Домой я вернулась дня за три до срока формального развода. Февраль был на исходе, но морозы грянули опять, еще свирепее январских. При дыхании воздух свертывался в легких ледяными творожистыми комками, и я боялась свалиться прежде, чем все будет позади. Это была типичная псевдопроблема: официальным церемониям ни я, ни Виктор значения не придавали. Брак в свое время оформили только из уважения к скачковским “предкам”, год с лишним кротко сносившим наше беззаконное сожительство. Так называемые простые люди — шофер и деревенская бабуля. Хоть шофер и был бесшабашным старым гулякой, а бабуля — одной из умнейших голов своей эпохи, разврат ученого, но непутевого сына на глазах у соседей наверняка доставлял им много неприятных минут. Впрочем, я и как невестка была не подарком — шальная девка, бесприданница и бездомовница, вечно “в штанах”, на велосипеде гоняет, рожать не хочет, разве ж Витька с такой остепенится?

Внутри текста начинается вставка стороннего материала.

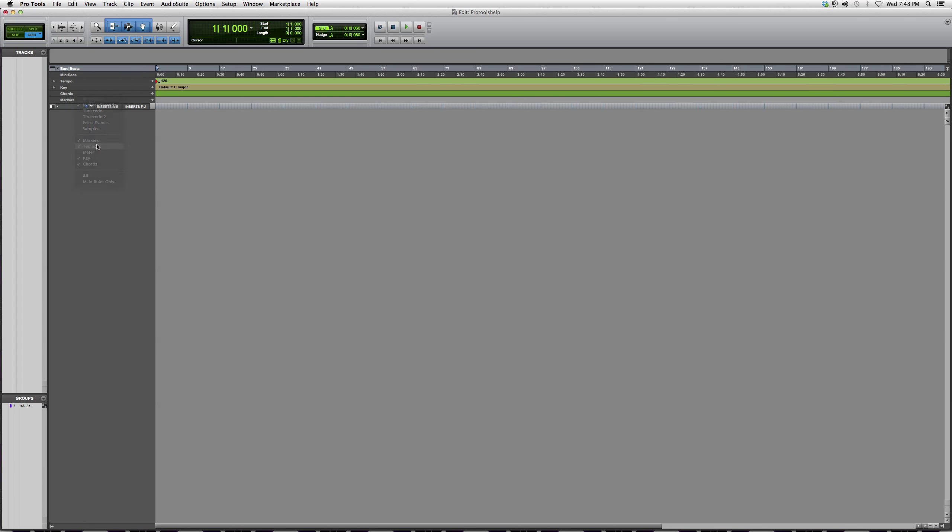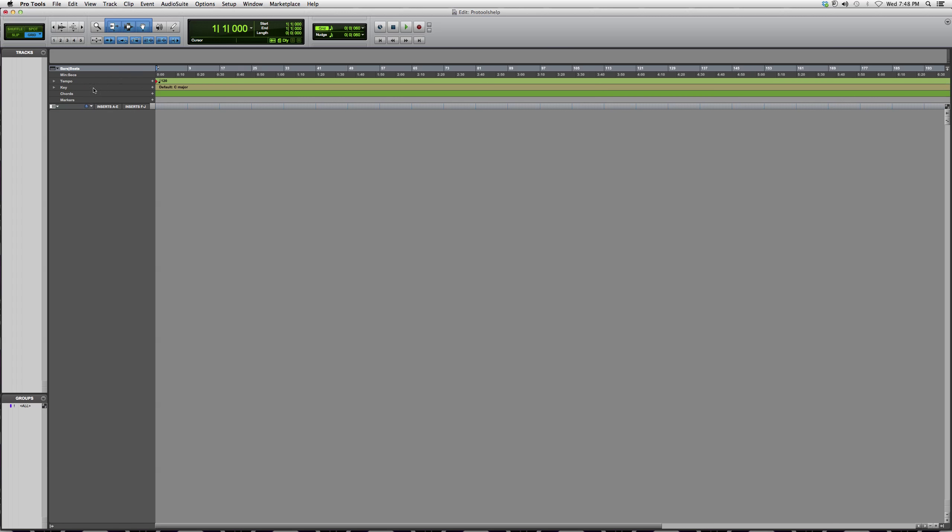If I unclick tempo it won't show there anymore, so I'm going to click tempo. What I do is I go to the plus sign and I change the tempo to whatever I want, let's say 80.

Мы, правда, еще и моего распределения опасались. За Можай силком загонять в те годы было уже не принято, однако в воздухе висело: могут загнать. По закону вправе. А учитывая виды, которые имела на меня влиятельная факультетская персона, опасность возрастала — черт знает, куда его поведет, обманутого в своих ожиданиях? Но уж свадьбы, само собой, не было. Я отказалась категорически, и старики не долго спорили: брачный пир сожрал бы многолетние сбережения. Причем — только их, мои-то родители ничего не сберегали, а если бы что имели, нашли бы этому более осмысленное применение. А так мы ограничились тем, что сводили в приличную кафешку наших двух свидетелей — Толю Катышева и Римму Лукину, не по возрасту монуменальную и оттого слывшую “ну просто жутко!” некрасивой переводчицу-германистку. В тот вечер вольнодумный Публий все задирал ее, обзывая “партайгеноссе” за лояльность к властям предержащим. Слушать их препирательства было нудно, да и вся эпопея с бракосочетанием раздражала — не обошлись-таки без благословения Родины-матери!

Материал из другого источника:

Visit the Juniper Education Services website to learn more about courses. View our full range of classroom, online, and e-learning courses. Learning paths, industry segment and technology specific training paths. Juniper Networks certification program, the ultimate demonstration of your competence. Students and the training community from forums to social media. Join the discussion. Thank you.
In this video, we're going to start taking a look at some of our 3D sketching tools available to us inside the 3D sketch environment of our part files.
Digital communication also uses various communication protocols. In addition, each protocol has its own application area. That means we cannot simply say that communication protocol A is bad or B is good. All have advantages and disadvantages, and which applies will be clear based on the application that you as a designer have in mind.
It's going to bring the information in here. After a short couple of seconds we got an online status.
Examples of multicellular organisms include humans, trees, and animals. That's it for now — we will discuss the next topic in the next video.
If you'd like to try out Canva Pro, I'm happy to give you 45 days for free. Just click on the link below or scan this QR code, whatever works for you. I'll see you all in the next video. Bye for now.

Римма отбрехивалась флегматично, небольшими яркими глазками посверкивала лукаво, как человек, понимающий что-то свое. Понимала она, видимо, то, что без лояльности благосостояния не видать, а без благосостояния жить скучно. По случаю свадьбы она преподнесла нам узкогорлую хрустальную вазочку для цветов, тяжеленную, как орудие убийства.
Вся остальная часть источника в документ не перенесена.